— WHAT TO WORK ON —
Restate word for word only the lines from the one with "Z500/Rain (+SLP)/Z850 ECMWF" through the end of the records; no pictures belong in the copy.
TASK INPUTS Block Start
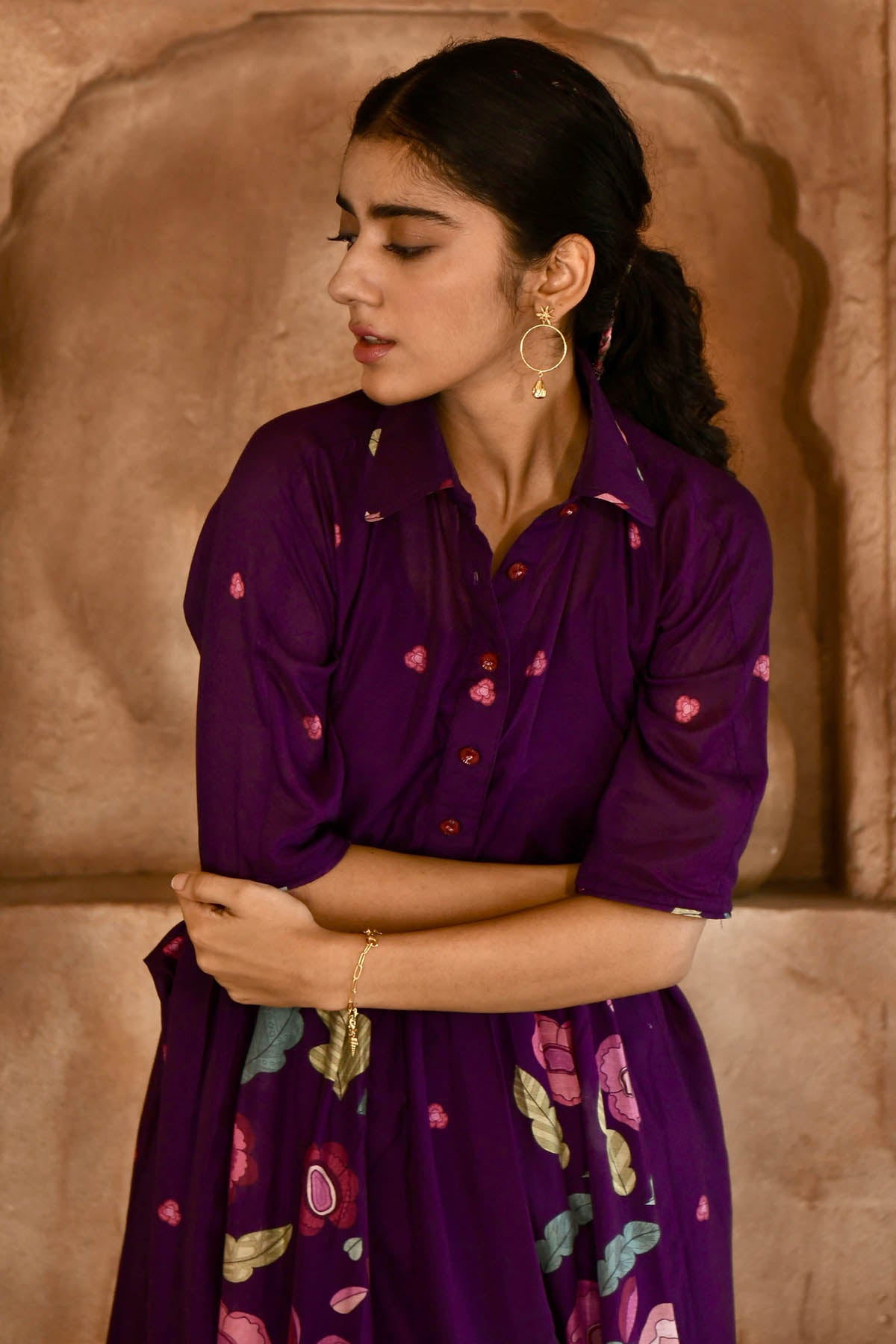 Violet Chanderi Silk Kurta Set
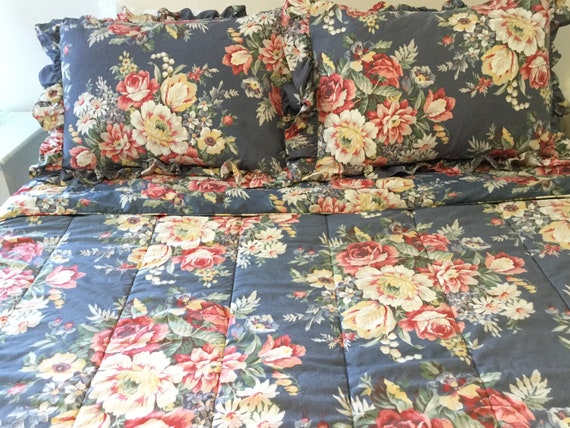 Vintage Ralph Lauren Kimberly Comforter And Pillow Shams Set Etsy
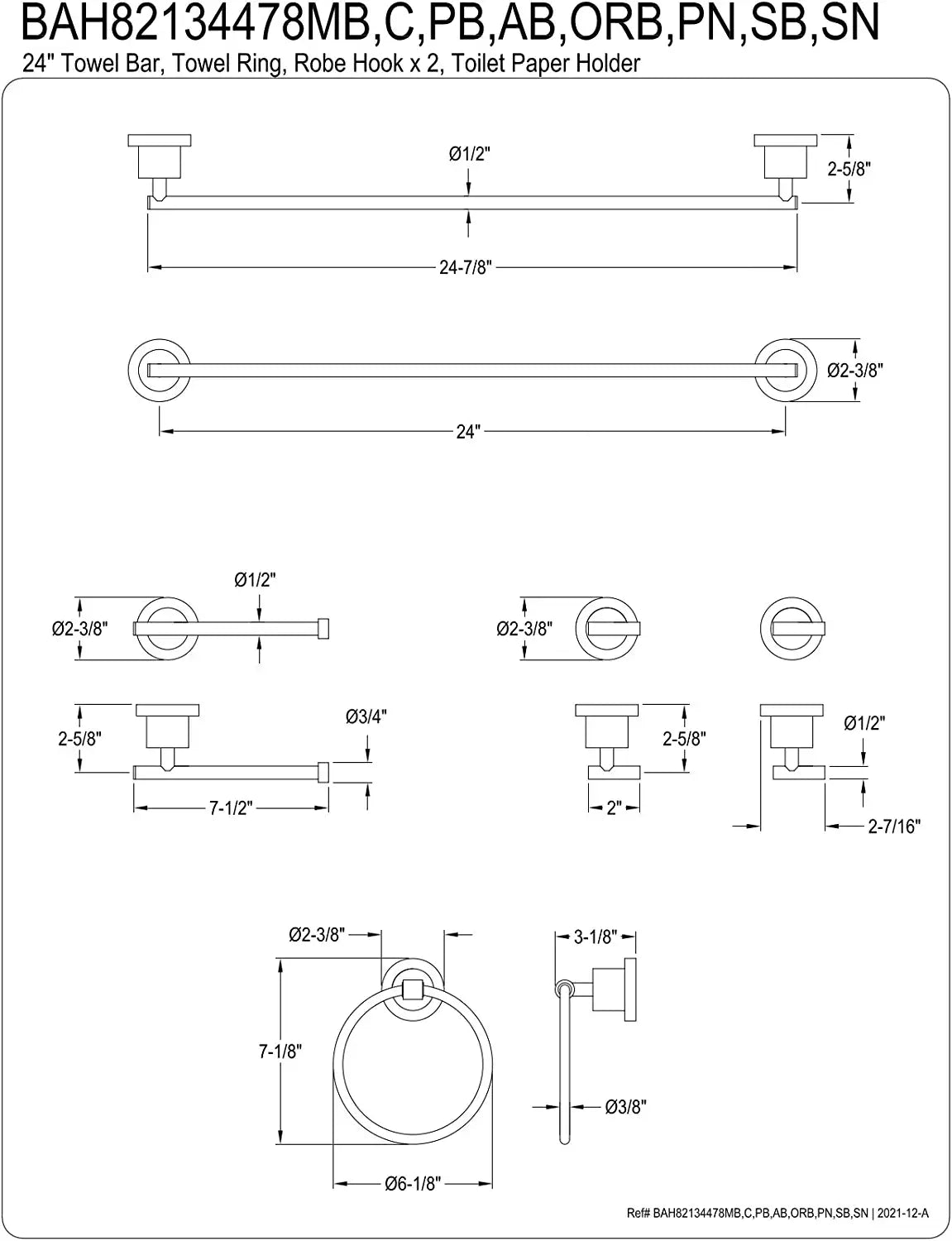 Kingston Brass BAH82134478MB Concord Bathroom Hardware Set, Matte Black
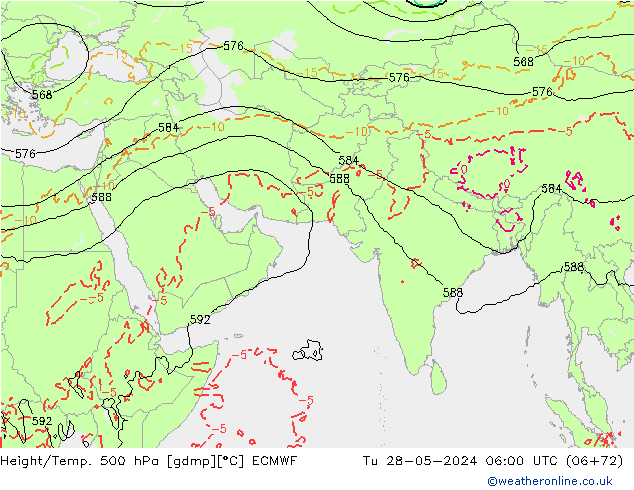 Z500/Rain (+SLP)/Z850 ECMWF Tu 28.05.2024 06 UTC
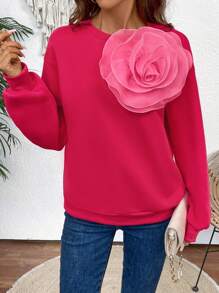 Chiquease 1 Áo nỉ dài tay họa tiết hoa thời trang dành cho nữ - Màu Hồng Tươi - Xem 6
TASK INPUTS Block End
— WRITTEN RESPONSE —
 Z500/Rain (+SLP)/Z850 ECMWF Tu 28.05.2024 06 UTC
 Chiquease 1 Áo nỉ dài tay họa tiết hoa thời trang dành cho nữ - Màu Hồng Tươi - Xem 6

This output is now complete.